BooksMarch 2024In Conversation
Kathleen Rooney with Rachel Robbins
A Decidedly Imaginary Location

Word count: 3089
Paragraphs: 35
From Dust to Stardust
(Lake Union Publishing, 2023)
Nestled in a dark enclave amongst the many gyres, vapors, and innumerable spectacles of the Museum of Science and Industry, a Fairy Castle looks to have wandered out of a child’s imagination and lost its way. It has been delighting museumgoers, adults and children alike, for nearly a century. It’s the sort of enchantment visitors might otherwise miss, radiating with the museum floor plan towards the model trains and the historic landmark U-505 submarine. But, sleeping quietly in its dark chamber, the Fairy Castle is its own museum of curiosity and delight. Among its many splendors, it boasts an exact replica of the rig that carried Napoleon and Marie Louise to their wedding at the Tuileries, five-hundred-year-old amber vases from the Ming dynasty, and shards of wood from the true cross.
Kathleen Rooney, author and professor, was among those enchanted by the Fairy Castle as a child.
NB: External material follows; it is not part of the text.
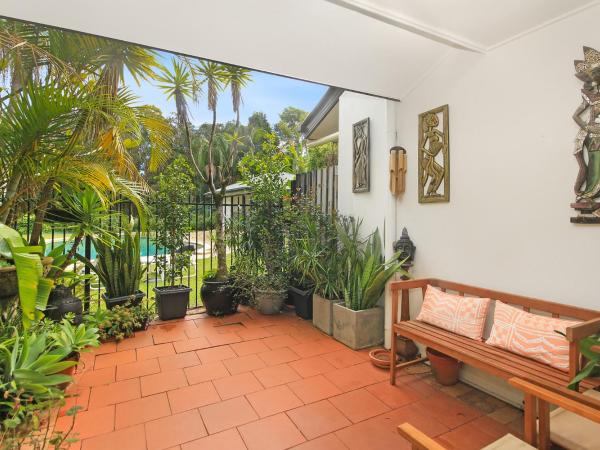 Byron Lakeside Holiday Apartments : photo 6 de la chambre appartement - vue sur piscine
In the years that followed, the Castle continued to weigh on her mind. She measured the larger world against its miniature proportions, never quite leaving it behind when she exited the museum and re-entered the traffic and lake effect chill of 57th Street. She went in search of Colleen Moore, the enigma behind the Castle, a flapper movie star turned Hollywood golden girl. Why build a palace, Rooney wondered, grander than any in Hollywood, for imaginary sprites? What kind of person retires from the spotlight but persists in leaving saucers of milk and slices of bread on window sills for fairies? Hers was a peculiar brand of magic: stardust.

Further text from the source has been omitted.